I bought some time ago a 119338 Dual Car Cigarette Sockets Power Adapter with USB Power Port – Black (DC 12~24V) to replace the power adapter in the car that started failing. In hoped this product would fix the situation, but it turned out this was not a good fix.
The specifications on the web page looked pretty good:
- Input Voltage: 12~24V
- USB: 5V 500mA
- 90 degree foldable
Here are the specifications as shown on the package:
The specifications say 5A current for the 12V outputs. That’s reasonable. Also 500 mA for USB output is OK. That folding was the feature I wanted and could not found on adapters in nearby shops.
In first tests the device worked well. But when I folded the device to the final position it turned out that it did not work anymore. I complained on the problem (got refund for money). The shop let me to keep the device, so I took a look what went wrong. Here is what I saw when I opened the device.

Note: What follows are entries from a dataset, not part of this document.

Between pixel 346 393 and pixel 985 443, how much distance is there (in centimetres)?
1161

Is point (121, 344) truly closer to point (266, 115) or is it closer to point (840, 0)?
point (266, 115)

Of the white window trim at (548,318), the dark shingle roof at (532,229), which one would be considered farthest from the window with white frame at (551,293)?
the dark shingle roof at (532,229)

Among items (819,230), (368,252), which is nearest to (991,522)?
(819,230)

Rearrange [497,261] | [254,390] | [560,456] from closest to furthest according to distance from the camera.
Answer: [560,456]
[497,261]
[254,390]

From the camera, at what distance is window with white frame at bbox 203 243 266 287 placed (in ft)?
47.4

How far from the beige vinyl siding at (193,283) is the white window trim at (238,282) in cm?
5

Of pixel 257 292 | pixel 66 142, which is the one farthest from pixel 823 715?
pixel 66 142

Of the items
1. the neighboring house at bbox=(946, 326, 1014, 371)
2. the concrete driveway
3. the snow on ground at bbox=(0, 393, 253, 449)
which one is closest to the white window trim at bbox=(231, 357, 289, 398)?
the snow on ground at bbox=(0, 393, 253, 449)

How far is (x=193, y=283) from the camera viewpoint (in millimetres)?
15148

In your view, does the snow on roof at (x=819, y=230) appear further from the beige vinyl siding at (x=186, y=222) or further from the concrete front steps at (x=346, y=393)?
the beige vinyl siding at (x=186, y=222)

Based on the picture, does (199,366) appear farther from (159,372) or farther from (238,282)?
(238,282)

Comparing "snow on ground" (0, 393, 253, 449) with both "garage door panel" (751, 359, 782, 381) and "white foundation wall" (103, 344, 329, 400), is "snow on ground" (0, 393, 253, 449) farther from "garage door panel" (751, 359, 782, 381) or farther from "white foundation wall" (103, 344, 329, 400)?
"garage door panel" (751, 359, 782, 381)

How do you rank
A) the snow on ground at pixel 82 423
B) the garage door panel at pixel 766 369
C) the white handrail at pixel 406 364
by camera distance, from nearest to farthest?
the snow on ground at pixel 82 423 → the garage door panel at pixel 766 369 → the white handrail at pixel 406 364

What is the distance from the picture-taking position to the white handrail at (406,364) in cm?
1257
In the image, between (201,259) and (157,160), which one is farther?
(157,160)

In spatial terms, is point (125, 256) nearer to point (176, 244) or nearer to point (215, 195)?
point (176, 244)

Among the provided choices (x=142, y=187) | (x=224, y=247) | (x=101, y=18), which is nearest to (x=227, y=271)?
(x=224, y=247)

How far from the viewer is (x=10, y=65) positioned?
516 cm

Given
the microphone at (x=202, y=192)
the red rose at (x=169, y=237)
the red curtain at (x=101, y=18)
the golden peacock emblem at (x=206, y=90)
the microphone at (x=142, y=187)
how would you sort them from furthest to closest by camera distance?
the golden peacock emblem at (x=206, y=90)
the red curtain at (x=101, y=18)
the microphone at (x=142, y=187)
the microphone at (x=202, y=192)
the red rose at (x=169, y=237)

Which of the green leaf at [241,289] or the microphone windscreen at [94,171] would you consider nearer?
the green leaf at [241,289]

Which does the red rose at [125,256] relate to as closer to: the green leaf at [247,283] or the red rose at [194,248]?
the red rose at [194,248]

What I noticed when I opened it was that the the device came with 2A fuse! With this fuse this device will not be able to handle the promised. The question is did the manufacturer put a wrong size (smaller amperage) fuse in by accident? I don’t think so. The wires inside are very thin, would heat up very much if pushed to 5A, but would be OK for 2A. I would not put in 5A fuse to this. It seem that the marketing is lying on the specifications or the manufacturer has afterwards changed the product to cheaper parts that do not match the original specifications.
The original problem of device failing was caused by a bad soldering on the ground wire (cold solder joint) that had failed. It was easy to fix with a proper soldering iron. So the I got the device working again.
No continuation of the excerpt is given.